Mehrwert-Marketing statt Marketing als stumpfen Empfangskanal
Die Verwendung von personenbezogenen Daten stehen bei immer mehr Unternehmen im Zentrum ihrer Geschäftsmodelle. Angesichts der immer weiter voranschreitenden digitalen Transformation ist es absehbar, dass sich dieser Trend in Zukunft zunehmend verstärken wird. Dies sollte Unternehmen ein Anlass sein, um über Innovationen und Grundsätze im Marketing nachzudenken. Das Ziel muss sein, den Fokus auf die eigenen Stärken zu lenken.
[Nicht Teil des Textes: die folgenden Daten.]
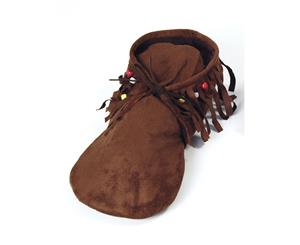 Bristol Novelty Womens/Ladies Hippie Leather Moccasins (Brown) - BN1761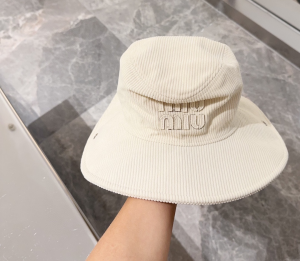 Miu Miu Logo Off White Velvet Wool Bucket Hat Miu Miu Logo Off White Velvet Wool Bucket Hat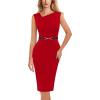 imageVFSHOW Womens Cocktail Business Casual Pleated Asymmetric Neck Buttons Belted Work Office Church Pencil Sheath DressRed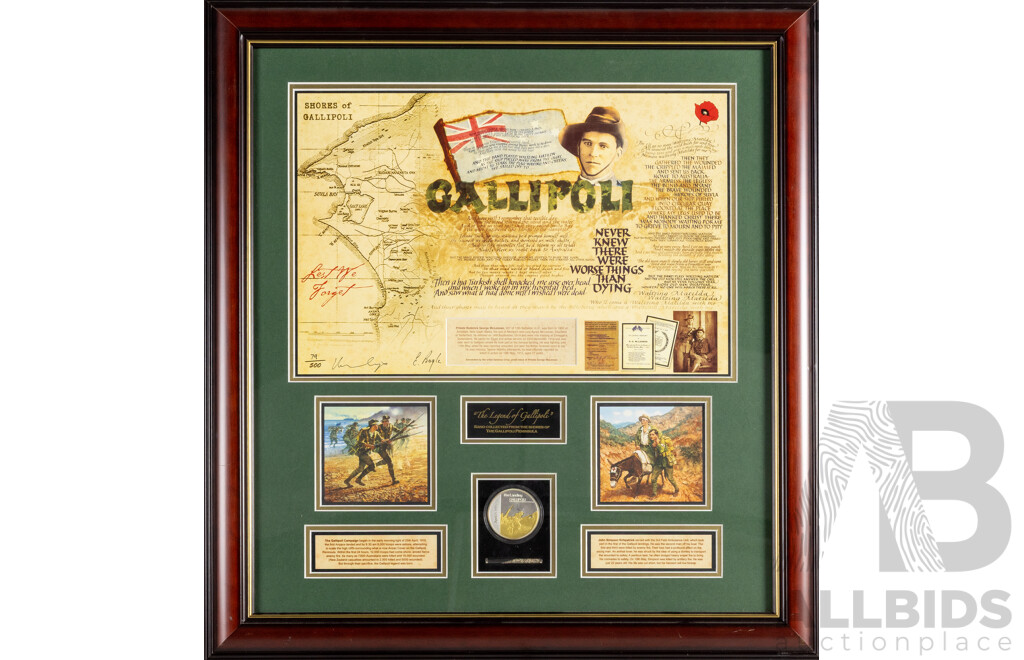 Shores of Gallipoli, Signed & Limited Edition Commemorative Prints Including Medallion and Sands of Gallipoli, 65 X 60 Cm (frame)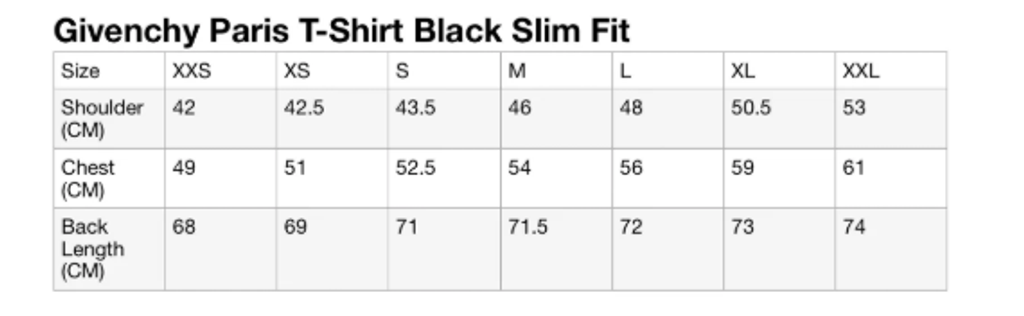 GVC SIZE CHART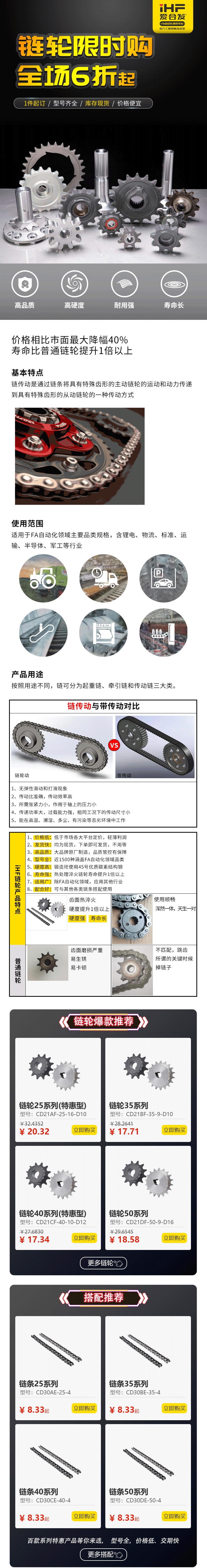 特惠现货：爱合发链轮链条省钱耐用！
Marketing ist so viel mehr als Werbeanzeigen, die im Schnitt in mehr als 50% der Fälle ohnehin nur weggeklickt werden. Hier gibt es viel Raum und auch die Notwendigkeit für neue, innovative Ideen. Insbesondere Programme und Maßnahmen zur Stärkung der Kundenbindung, zur Identifikation mit Marken und zur Erweiterung von Handlungsspielräumen zwischen Kunden und Unternehmen tragen in Zukunft zum Erhalt der Wettbewerbsfähigkeit bei. Gleichzeitig bieten sie Kunden einen echten Mehrwert und verkörpern damit die Grundidee eines zukunftsfähigen Marketings.